A start like that can get a marginal veteran released. But the Mets are as thin as water on a rock right now, so they held onto Figueroa. They really needed him Wednesday against the Cardinals when Jonathon Niese went down as if he were struck by lightning when he tested his shaky right leg with a warm-up toss. Figueroa took the catcalls in stride and pitched 41/3 terrific scoreless innings in a 9-0 rout. He was the calm that countered the eerie sight of Niese sprawled on the mound.
"I just grabbed my glove and started stretching," Figueroa said, recalling the scene in the bullpen. Between innings, he checked in on his fellow pitcher. "I came in here and told him I'd pray for him."
Then Figueroa went out and laced a two-run triple to left-centerfield that might have been an inside-the-park home run had he really tried to push it. "I'll be perfectly happy with a triple," he said.
Not much is perfect in baseball, he can tell you. The Coney Island kid wasn't recruited by Division I colleges, but made his way to pro ball through Division III Brandeis. His career has looked all but over many times since 1995, except he wouldn't let it be.
"That's the name of our game," Figueroa said. "The best hitters in the game are going to make out seven out of 10 times. If you can deal with defeat, you know you've got a chance for success.
"I was always the smallest kid on the team, I didn't throw the hardest, I wasn't the fastest. But you can't measure heart and you can't teach hustle," he said. "Those things, I take great pride in.

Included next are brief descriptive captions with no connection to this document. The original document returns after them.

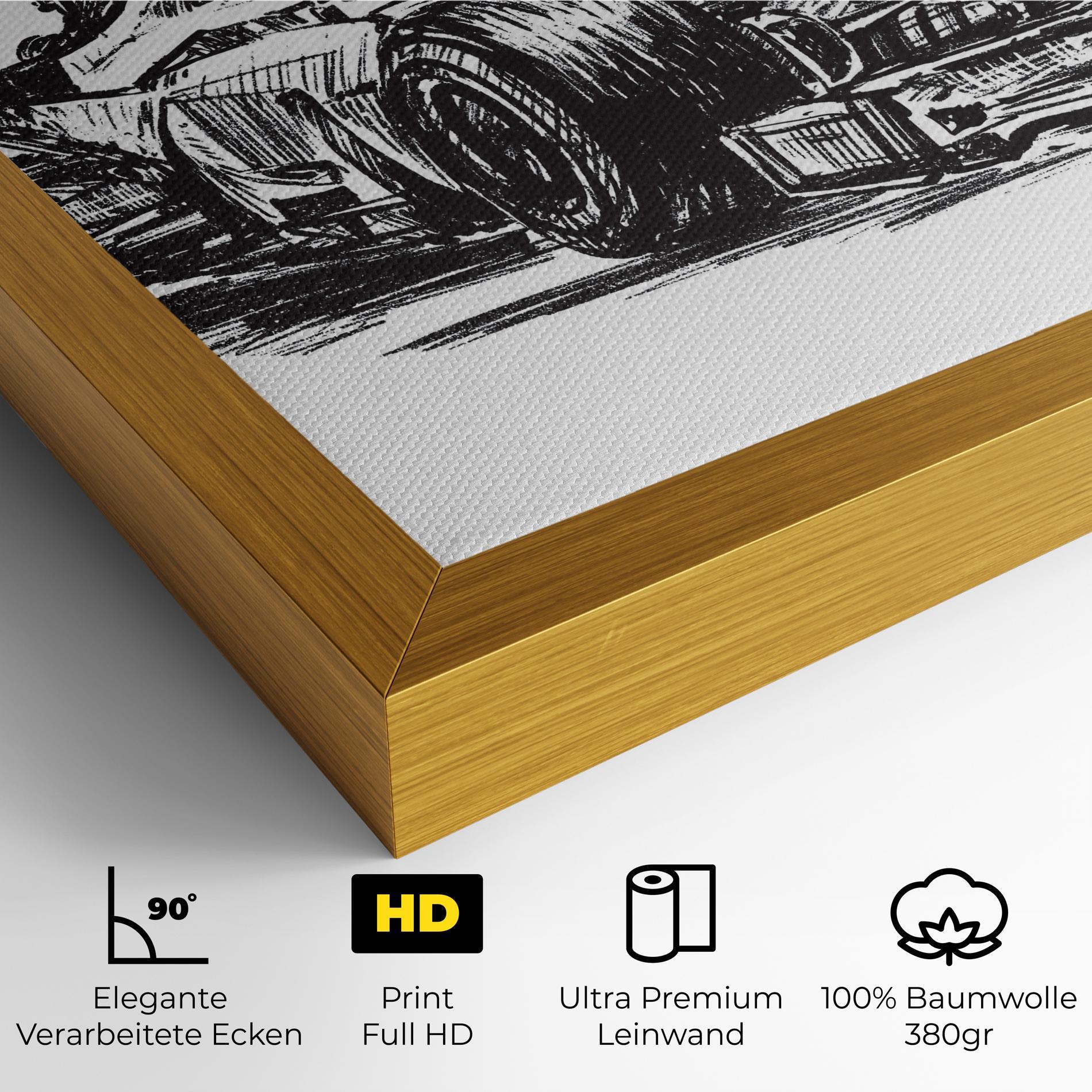 Leinwandbild Black Line F1 mockup 4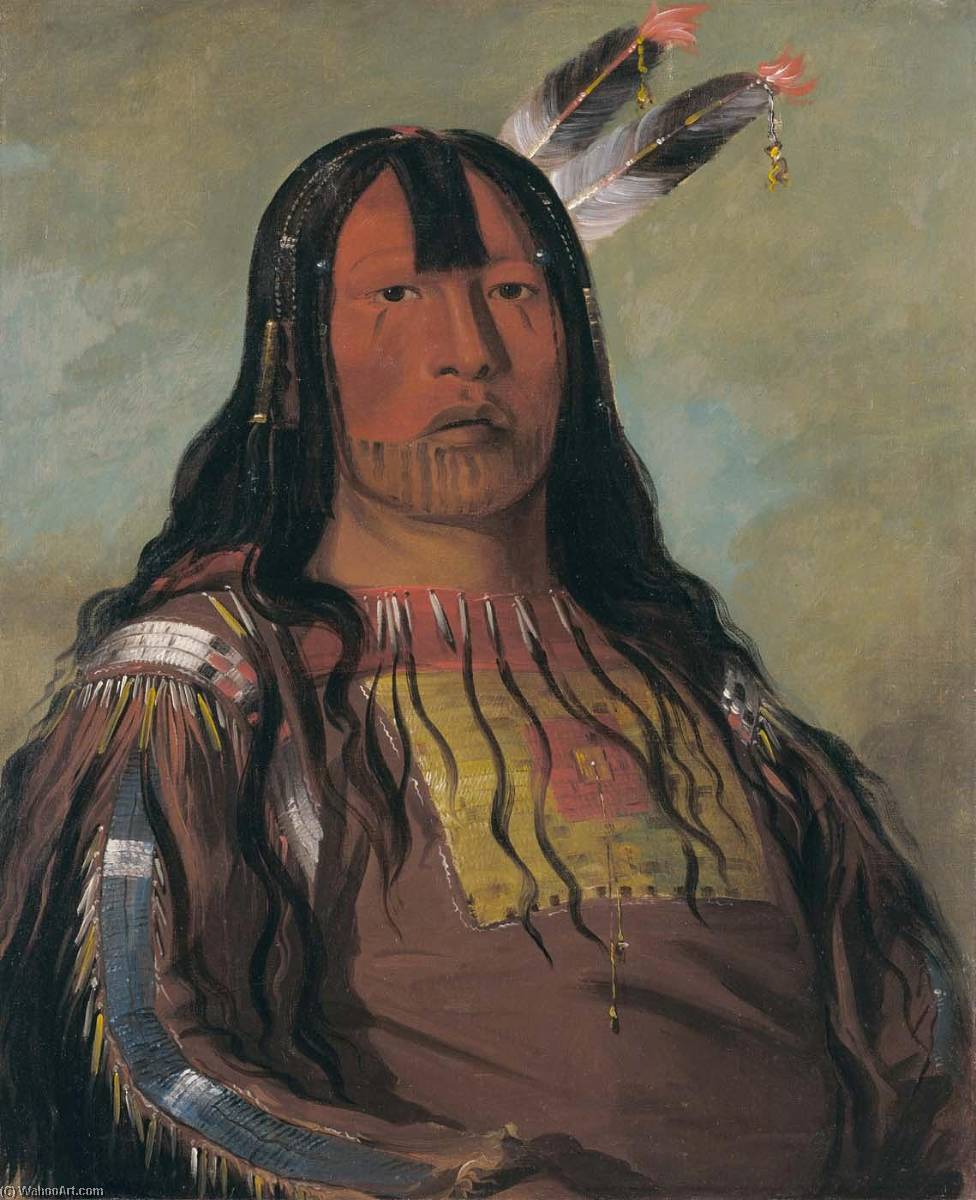Mix Ke Móte Skin Na, Iron Horn, A Warrior — George Catlin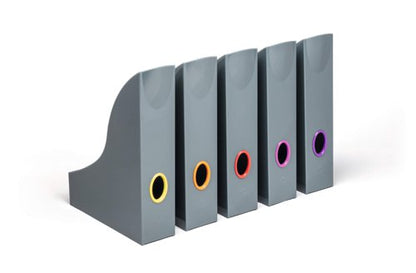 Durable VARICOLOR Magazine Rack Assorted (5)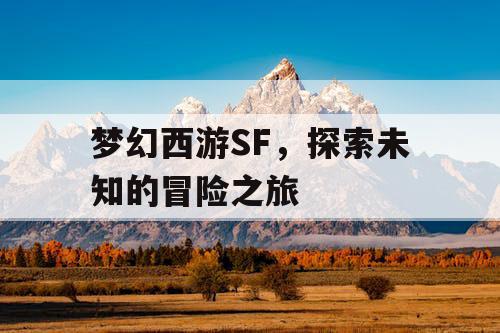 梦幻西游SF，探索未知的冒险之旅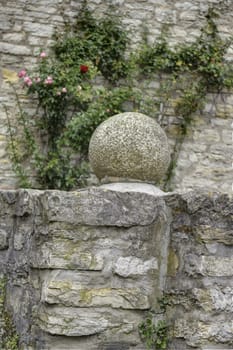 Stone Sphere Decor in The Heldenburg Castle, Burg Salzderhelden, Germany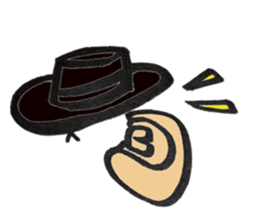 hat and rips sticker #6868021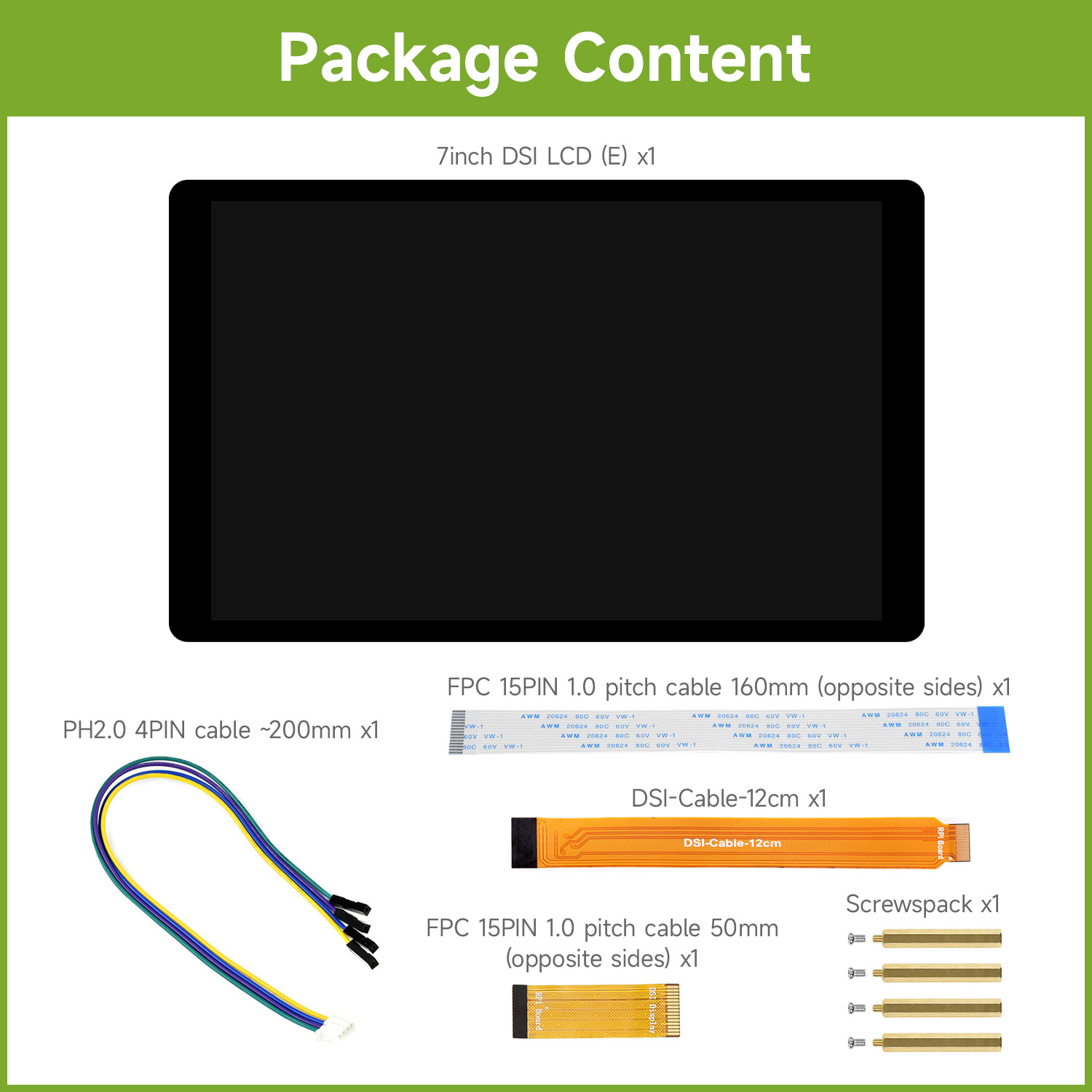 7-Zoll DSI LCD (E) Waveshare K – Pi Display Bewertung und Preis
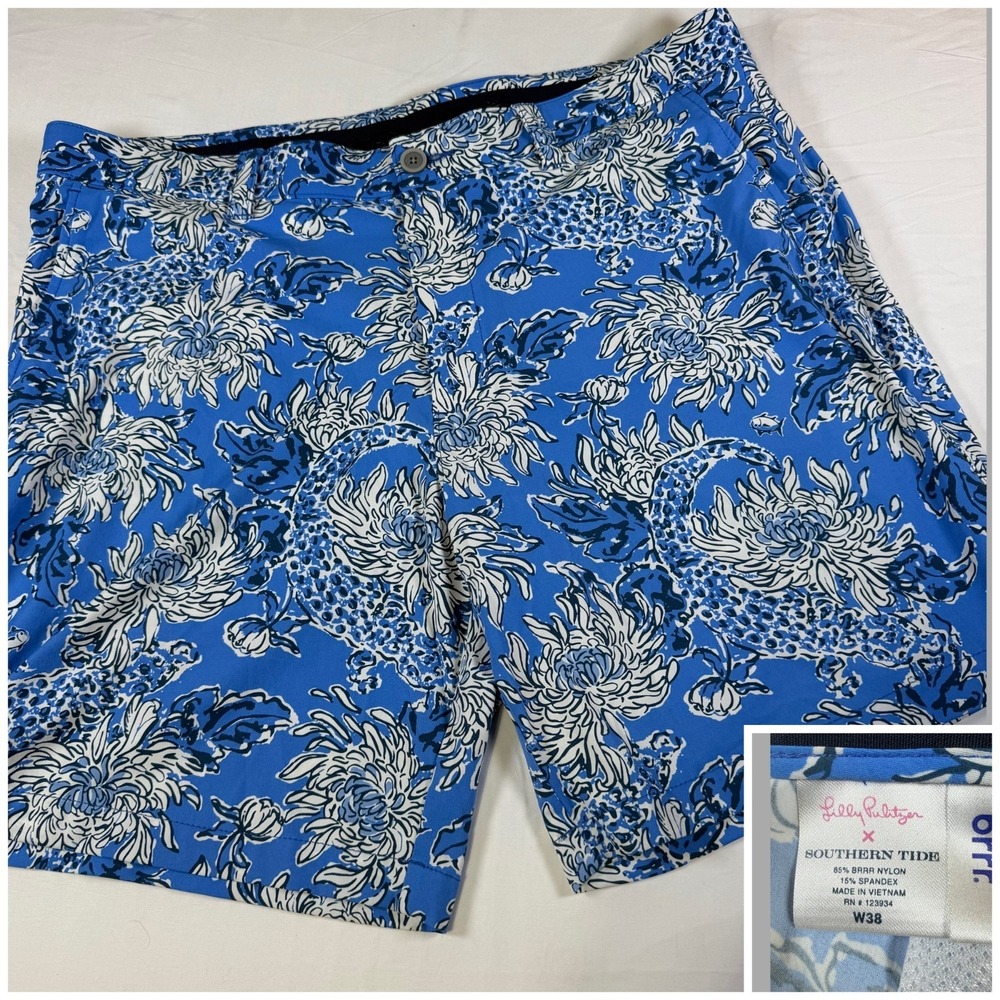 Lilly Pulitzer Southern Tide Brrr Shorts Men's Size 38 X8 Golf Msrp $110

And here I am at 35, still living a boy's dream."
He didn't stop dreaming when he missed all of 2005 because of shoulder surgery. "Once you're out of organized baseball, getting back in is so tough. I was fortunate to be in the Atlantic League," he said, grateful to have his livelihood revived by the Ducks in 2006. Since then, he has bounced around to Chihuahua in the Mexican League, to Taiwan and New Orleans, Buffalo and his hometown Mets. He never let a bad start or a bad break stop him.
Imagine how the Mets' past two Septembers would have looked if they had had that kind of grit in a few of their regulars, or even one.
Maybe you can't measure heart, but the Mets sure had better try to find some.